Zaheer became a person of standing in Urdu literature, and one of the pillars of the left-aligned Progressive Writers’ Association which – along with the Indian People’s Theatre Association – shaped Indian popular and elite culture in the independence era. He was also a prominent communist in Indian and, after Partition, in Pakistan.
Among his most influential writings was a novella, London ki Ek Raat (A Night in London), written in Urdu in 1935 and published three years later. It’s a modernist-tinged story of a party given one autumn evening by an Indian student with lodgings in Bloomsbury, ‘where England’s revolutionary thinkers … gather’. As an account of an elite, radicalised diaspora in London, it stands comparison with Waguih Ghali’s Beer in the Snooker Club a generation later. It captures not simply the Indian student experience in London in the 1930s – petty racism and isolation on the one hand, camaraderie, political assertion and sexual adventure on the other – but is also an affecting account of an unsuccessful cross-cultural romance.
Ralph Russell, the Urdu scholar and communist, provided a partial translation some years ago of Zaheer’s work.
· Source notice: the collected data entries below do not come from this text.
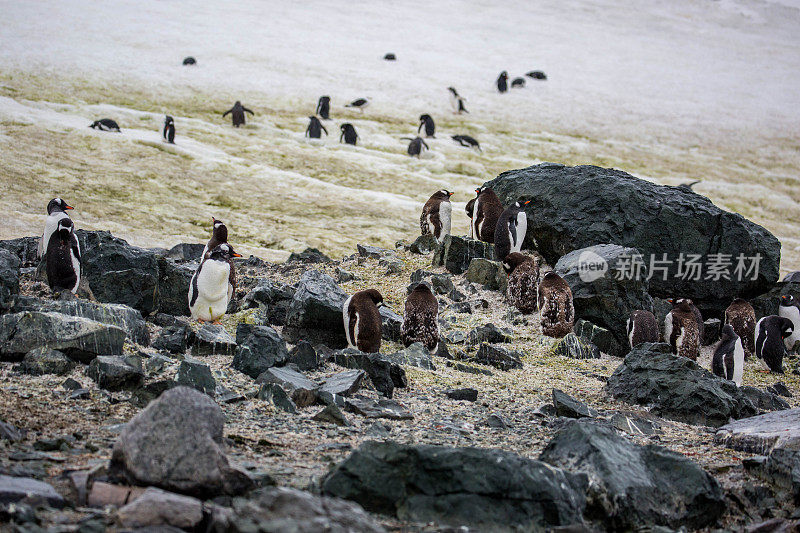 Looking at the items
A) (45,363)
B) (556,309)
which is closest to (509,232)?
(556,309)

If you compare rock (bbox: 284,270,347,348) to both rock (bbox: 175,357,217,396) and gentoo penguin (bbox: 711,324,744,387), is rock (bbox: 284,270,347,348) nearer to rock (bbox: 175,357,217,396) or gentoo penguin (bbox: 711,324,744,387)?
rock (bbox: 175,357,217,396)

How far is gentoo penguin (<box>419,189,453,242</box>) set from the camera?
11.1 m

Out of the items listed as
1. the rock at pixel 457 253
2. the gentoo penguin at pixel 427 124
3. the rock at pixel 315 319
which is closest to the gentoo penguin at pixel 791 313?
the rock at pixel 457 253

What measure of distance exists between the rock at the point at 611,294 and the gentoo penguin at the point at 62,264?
5.37 m

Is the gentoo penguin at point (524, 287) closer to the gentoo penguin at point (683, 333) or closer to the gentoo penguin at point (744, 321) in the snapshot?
the gentoo penguin at point (683, 333)

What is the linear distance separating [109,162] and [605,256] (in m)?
12.6

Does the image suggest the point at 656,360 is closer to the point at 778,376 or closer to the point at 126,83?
the point at 778,376

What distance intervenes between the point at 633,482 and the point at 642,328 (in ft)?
14.5

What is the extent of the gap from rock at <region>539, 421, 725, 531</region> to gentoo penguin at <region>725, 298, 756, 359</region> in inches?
229

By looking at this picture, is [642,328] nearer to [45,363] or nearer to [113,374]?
[113,374]

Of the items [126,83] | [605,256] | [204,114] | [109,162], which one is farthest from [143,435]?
[126,83]

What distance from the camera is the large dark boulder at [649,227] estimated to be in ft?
32.0

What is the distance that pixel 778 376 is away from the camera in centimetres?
898

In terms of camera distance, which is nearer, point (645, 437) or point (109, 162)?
point (645, 437) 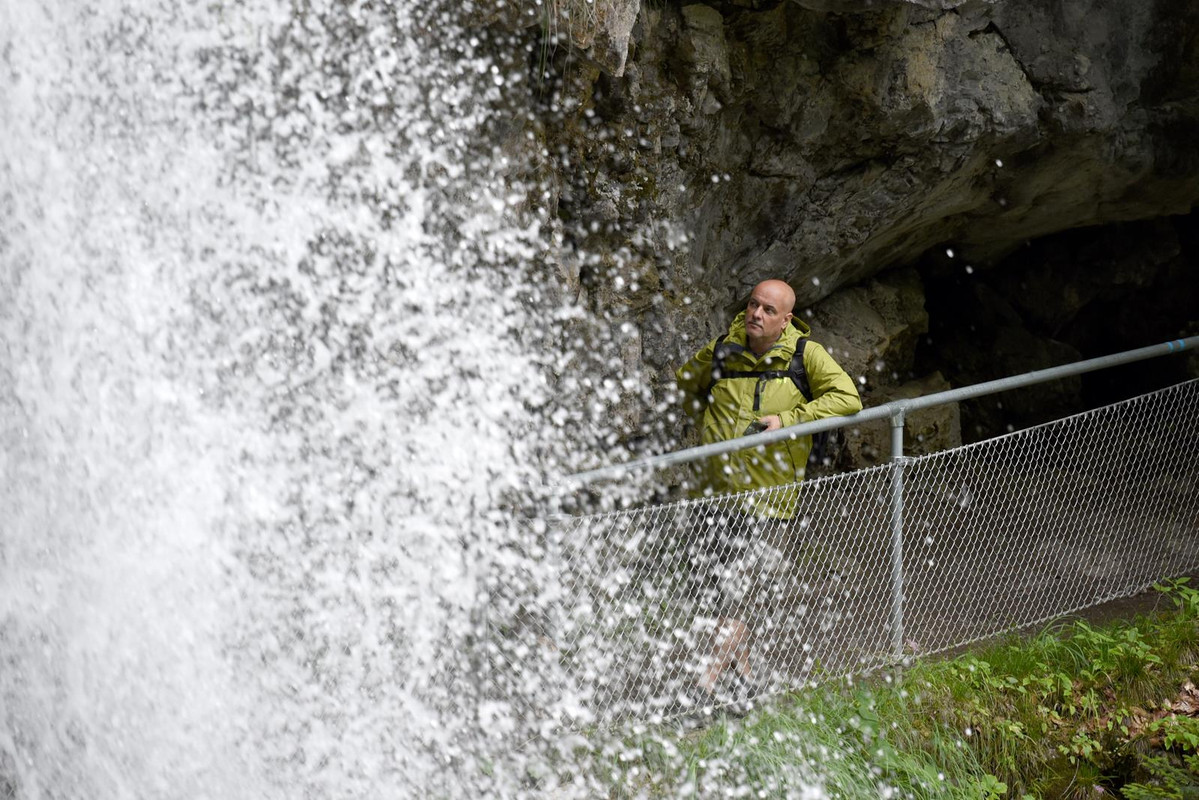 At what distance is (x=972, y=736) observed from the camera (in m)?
4.97

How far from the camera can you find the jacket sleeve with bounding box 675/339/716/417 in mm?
5453

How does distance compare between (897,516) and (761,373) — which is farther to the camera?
(761,373)

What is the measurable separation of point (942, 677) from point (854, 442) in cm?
310

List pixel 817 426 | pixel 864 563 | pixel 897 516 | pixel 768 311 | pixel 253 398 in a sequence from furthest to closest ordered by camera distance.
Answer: pixel 864 563 → pixel 768 311 → pixel 253 398 → pixel 897 516 → pixel 817 426

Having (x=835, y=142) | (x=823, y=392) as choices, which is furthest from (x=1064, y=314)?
(x=823, y=392)

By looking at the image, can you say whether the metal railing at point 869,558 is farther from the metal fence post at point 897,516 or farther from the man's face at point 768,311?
the man's face at point 768,311

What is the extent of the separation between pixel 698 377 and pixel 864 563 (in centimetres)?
124

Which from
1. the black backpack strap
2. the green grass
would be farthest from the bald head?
the green grass

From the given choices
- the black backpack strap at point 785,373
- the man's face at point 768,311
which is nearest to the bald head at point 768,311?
the man's face at point 768,311

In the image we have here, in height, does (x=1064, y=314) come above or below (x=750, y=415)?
below

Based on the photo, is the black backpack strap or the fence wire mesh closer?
the fence wire mesh

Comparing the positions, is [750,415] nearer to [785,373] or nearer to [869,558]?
[785,373]

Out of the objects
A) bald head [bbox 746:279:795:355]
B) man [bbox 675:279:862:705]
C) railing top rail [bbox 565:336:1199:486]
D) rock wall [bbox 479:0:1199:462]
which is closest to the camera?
railing top rail [bbox 565:336:1199:486]

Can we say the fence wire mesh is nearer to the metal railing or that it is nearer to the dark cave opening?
the metal railing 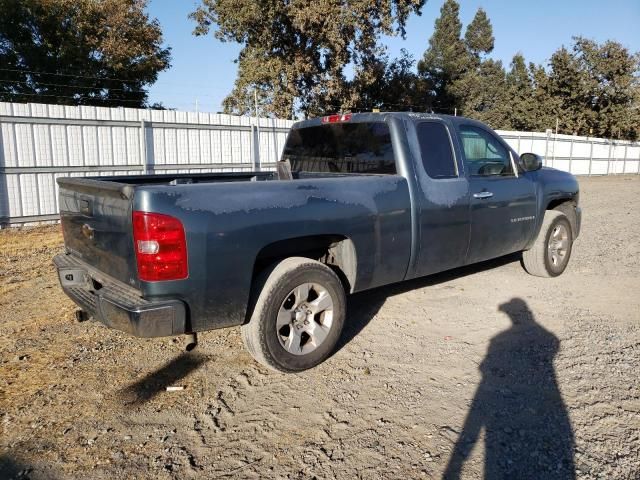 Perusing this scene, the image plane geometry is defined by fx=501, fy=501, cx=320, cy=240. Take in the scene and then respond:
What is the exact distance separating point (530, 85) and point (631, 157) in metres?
9.41

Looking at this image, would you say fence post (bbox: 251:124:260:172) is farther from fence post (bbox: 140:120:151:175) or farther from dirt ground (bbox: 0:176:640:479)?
dirt ground (bbox: 0:176:640:479)

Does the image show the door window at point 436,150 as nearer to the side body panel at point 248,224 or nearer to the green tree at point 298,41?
the side body panel at point 248,224

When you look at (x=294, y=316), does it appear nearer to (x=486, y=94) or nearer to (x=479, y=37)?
(x=486, y=94)

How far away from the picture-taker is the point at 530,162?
5500mm

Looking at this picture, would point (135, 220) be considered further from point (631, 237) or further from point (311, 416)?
point (631, 237)

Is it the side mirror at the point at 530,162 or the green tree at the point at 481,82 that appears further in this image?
the green tree at the point at 481,82

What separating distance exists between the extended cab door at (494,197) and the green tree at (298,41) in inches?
547

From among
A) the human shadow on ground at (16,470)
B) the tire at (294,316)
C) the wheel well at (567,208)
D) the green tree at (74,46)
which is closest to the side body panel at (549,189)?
the wheel well at (567,208)

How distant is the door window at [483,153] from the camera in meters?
4.94

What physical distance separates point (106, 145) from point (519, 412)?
33.3 ft

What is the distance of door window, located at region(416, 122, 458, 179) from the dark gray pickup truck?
14mm

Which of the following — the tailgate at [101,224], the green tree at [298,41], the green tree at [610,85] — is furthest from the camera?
the green tree at [610,85]

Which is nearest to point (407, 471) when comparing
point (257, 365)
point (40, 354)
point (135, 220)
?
point (257, 365)

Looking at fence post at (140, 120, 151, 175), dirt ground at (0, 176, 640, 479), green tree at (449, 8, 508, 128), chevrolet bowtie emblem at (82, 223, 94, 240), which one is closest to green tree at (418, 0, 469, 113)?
green tree at (449, 8, 508, 128) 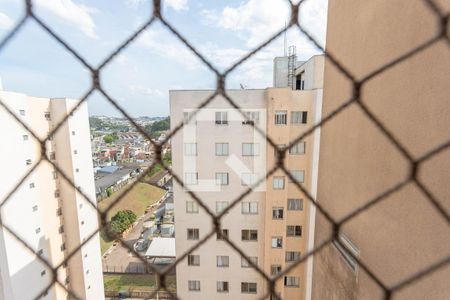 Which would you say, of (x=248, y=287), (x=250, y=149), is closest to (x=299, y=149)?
(x=250, y=149)

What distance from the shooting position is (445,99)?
480 mm

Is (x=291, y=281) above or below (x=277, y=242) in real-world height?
below

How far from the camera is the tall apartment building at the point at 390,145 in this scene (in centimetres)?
50

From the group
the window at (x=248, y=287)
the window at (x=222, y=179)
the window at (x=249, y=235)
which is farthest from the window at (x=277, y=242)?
the window at (x=222, y=179)

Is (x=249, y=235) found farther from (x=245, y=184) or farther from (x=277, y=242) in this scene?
(x=245, y=184)

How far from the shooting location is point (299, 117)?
3.80 meters

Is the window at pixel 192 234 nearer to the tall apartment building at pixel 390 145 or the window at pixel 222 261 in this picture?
the window at pixel 222 261

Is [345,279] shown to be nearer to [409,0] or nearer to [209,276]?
[409,0]

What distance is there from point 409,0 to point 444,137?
31 cm

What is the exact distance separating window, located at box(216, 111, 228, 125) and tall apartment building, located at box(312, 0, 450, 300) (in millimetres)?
2866

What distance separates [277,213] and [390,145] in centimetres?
349

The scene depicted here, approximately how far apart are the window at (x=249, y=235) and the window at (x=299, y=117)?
1.85 meters

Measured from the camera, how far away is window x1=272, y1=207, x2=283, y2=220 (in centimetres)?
393

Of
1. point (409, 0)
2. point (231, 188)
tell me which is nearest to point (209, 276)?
point (231, 188) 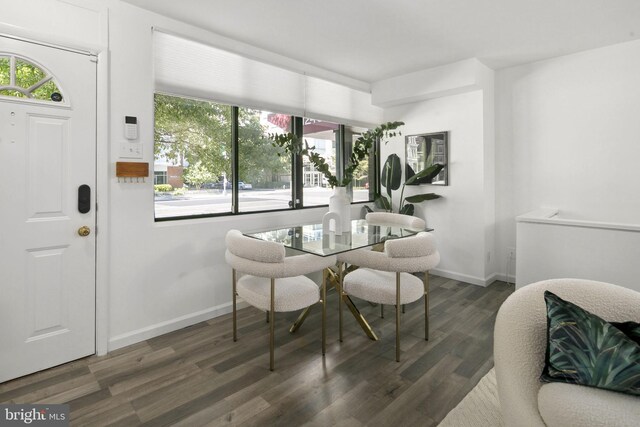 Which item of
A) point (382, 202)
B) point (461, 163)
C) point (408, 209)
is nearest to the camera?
point (461, 163)

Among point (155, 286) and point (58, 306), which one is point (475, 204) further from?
point (58, 306)

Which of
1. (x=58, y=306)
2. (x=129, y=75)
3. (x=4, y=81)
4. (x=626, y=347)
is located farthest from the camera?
(x=129, y=75)

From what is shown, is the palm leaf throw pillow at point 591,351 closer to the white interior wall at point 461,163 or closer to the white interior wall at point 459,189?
the white interior wall at point 461,163

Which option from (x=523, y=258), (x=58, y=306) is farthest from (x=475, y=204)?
(x=58, y=306)

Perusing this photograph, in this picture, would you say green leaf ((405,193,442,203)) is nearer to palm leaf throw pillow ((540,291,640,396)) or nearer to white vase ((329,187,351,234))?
white vase ((329,187,351,234))

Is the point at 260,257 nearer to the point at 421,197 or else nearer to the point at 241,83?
the point at 241,83

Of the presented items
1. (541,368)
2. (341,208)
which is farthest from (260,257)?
(541,368)

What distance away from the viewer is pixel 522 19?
2.91 m

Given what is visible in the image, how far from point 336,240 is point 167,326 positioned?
1619 millimetres

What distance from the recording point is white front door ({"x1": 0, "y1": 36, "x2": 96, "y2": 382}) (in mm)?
2135

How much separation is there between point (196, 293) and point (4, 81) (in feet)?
6.55

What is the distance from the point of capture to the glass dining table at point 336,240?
2428 millimetres

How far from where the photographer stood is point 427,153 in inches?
176

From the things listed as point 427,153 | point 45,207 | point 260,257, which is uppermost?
point 427,153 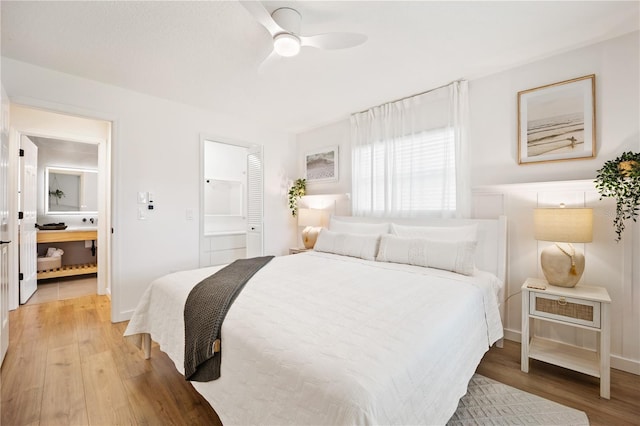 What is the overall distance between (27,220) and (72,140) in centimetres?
118

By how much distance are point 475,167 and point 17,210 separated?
208 inches

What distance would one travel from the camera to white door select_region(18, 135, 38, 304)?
3488mm

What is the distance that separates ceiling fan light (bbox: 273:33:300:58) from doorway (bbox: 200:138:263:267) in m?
2.25

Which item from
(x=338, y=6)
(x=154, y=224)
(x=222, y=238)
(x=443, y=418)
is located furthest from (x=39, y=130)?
(x=443, y=418)

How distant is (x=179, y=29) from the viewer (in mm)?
2119

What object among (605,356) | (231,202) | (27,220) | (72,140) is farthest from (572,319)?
(27,220)

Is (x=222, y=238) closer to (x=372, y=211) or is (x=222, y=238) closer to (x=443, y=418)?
(x=372, y=211)

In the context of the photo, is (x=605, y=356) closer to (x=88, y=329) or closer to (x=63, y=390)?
(x=63, y=390)

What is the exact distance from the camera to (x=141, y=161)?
10.7 feet

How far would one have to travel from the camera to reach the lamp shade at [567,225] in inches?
79.4

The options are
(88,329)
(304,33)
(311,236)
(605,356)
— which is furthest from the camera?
(311,236)

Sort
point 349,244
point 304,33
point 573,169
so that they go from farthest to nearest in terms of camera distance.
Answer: point 349,244 < point 573,169 < point 304,33

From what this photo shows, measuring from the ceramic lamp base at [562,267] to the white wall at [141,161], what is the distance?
3.73 meters

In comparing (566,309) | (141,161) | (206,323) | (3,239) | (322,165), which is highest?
(322,165) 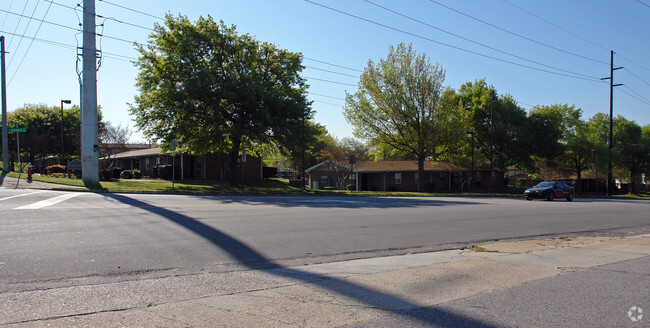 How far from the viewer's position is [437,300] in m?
5.25

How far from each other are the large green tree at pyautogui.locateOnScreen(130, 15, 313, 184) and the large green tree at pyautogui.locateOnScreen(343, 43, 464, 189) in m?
10.7

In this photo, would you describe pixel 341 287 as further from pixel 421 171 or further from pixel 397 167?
pixel 397 167

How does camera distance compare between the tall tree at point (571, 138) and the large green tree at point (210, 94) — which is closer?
the large green tree at point (210, 94)

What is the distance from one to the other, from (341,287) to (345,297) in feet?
1.63

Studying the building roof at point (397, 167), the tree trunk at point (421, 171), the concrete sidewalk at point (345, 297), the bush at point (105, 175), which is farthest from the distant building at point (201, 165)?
the concrete sidewalk at point (345, 297)

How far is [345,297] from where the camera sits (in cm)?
534

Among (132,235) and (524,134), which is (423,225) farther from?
(524,134)

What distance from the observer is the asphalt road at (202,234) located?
21.9 ft

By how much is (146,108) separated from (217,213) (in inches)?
750

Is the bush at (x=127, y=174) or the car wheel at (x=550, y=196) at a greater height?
the bush at (x=127, y=174)

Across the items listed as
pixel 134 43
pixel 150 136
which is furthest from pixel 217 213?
pixel 134 43

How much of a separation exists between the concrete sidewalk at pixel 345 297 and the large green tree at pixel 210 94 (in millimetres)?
22748

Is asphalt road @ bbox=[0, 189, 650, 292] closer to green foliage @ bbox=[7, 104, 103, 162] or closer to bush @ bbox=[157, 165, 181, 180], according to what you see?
bush @ bbox=[157, 165, 181, 180]

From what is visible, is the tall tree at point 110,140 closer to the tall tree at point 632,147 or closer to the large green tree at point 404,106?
the large green tree at point 404,106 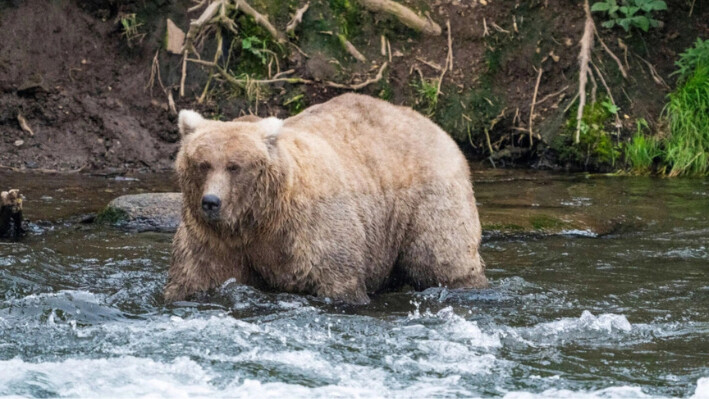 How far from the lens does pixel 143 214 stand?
32.1 feet

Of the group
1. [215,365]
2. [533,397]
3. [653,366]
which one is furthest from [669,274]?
[215,365]

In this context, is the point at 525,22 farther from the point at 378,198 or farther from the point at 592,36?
the point at 378,198

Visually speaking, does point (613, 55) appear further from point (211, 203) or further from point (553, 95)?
point (211, 203)

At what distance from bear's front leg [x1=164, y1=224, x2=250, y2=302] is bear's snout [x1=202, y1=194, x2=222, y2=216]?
0.45 m

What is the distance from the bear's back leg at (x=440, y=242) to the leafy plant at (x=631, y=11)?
6.06 meters

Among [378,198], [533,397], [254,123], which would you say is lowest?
[533,397]

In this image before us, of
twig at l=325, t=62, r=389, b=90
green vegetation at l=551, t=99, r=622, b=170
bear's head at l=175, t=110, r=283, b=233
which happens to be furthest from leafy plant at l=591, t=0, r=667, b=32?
bear's head at l=175, t=110, r=283, b=233

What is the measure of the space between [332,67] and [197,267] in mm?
6805

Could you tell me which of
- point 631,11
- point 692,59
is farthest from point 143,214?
point 692,59

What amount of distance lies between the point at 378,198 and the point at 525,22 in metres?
6.72

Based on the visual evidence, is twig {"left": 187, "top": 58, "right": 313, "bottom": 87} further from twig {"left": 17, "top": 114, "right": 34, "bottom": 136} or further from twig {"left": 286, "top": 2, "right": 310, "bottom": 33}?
twig {"left": 17, "top": 114, "right": 34, "bottom": 136}

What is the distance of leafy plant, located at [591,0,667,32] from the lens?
504 inches

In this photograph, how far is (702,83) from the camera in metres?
12.4

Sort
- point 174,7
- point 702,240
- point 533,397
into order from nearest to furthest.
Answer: point 533,397 → point 702,240 → point 174,7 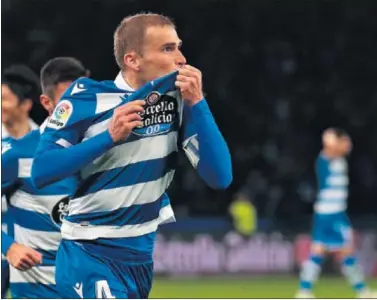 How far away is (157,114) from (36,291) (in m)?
1.70

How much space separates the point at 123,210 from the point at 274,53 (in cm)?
1791

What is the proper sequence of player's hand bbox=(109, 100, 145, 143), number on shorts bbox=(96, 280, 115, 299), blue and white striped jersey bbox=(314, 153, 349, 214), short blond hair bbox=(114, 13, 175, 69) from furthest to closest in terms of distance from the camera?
blue and white striped jersey bbox=(314, 153, 349, 214), short blond hair bbox=(114, 13, 175, 69), number on shorts bbox=(96, 280, 115, 299), player's hand bbox=(109, 100, 145, 143)

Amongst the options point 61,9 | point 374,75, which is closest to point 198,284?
point 61,9

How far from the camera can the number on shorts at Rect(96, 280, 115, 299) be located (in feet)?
15.1

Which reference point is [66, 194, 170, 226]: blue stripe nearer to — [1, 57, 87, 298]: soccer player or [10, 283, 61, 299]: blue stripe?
[1, 57, 87, 298]: soccer player

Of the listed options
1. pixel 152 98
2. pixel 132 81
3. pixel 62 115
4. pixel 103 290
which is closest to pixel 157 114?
pixel 152 98

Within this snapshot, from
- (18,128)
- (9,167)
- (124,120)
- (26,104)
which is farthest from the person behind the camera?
(26,104)

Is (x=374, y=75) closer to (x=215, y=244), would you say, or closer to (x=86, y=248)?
(x=215, y=244)

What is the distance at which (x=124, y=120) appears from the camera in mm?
4445

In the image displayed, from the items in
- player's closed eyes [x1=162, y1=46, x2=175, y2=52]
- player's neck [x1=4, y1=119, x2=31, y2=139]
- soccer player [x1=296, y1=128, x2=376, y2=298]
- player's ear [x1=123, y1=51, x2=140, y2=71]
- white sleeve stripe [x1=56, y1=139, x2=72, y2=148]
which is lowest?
soccer player [x1=296, y1=128, x2=376, y2=298]

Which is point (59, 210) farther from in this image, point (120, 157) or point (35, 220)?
point (120, 157)

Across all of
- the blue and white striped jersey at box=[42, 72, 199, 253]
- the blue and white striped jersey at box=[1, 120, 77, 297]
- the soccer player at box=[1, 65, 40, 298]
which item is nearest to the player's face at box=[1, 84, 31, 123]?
the soccer player at box=[1, 65, 40, 298]

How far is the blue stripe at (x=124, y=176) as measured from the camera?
4.63 meters

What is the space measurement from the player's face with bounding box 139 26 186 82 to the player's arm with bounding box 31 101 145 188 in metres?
0.21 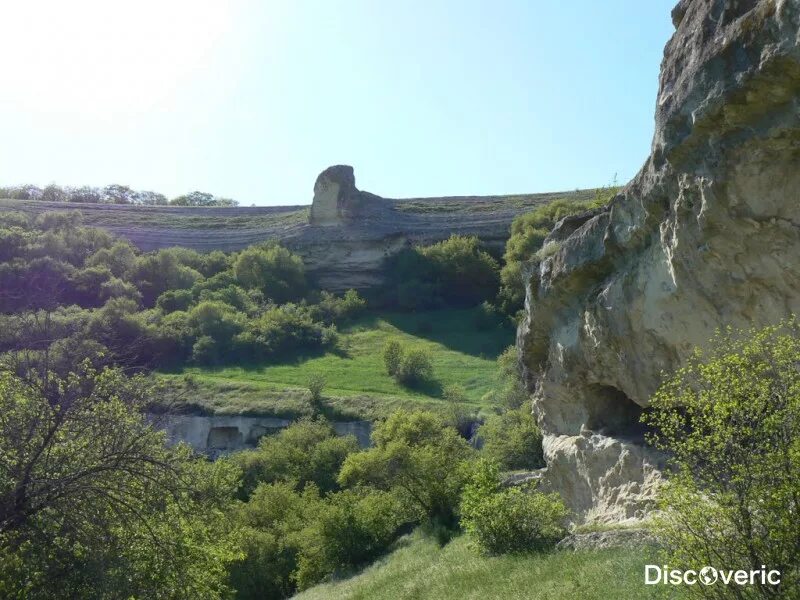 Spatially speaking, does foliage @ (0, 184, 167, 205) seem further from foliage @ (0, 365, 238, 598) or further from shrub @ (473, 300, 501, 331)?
foliage @ (0, 365, 238, 598)

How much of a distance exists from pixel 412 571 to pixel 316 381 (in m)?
21.3

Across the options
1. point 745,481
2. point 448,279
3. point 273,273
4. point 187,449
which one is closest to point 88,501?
point 187,449

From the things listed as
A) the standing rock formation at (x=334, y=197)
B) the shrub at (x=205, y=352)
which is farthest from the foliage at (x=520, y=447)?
the standing rock formation at (x=334, y=197)

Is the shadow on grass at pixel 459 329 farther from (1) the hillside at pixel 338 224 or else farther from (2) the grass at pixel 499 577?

But it’s only now that a full English translation has been published – translated by Bilal Hashmi and published in India by Harper Perennial.
I went recently to the London launch of the book at an address in Bedford Square – not more than five minutes walk from the rooms which were the setting of the novella, and from the onetime location of the Nanking Restaurant. The event did not have the dramatic potential of the student party, nor the literary importance of the basement gathering in Denmark Street.
But it did reveal one intriguing piece of information. Zaheer’s granddaughter confirmed to me that a key character in the novella, Sheila Green – who falls in love with an Indian student to be forsaken by him for India and its national cause – was based on an English friend of her grandfather.
And so perhaps, just perhaps, his work was in part an act of expiation.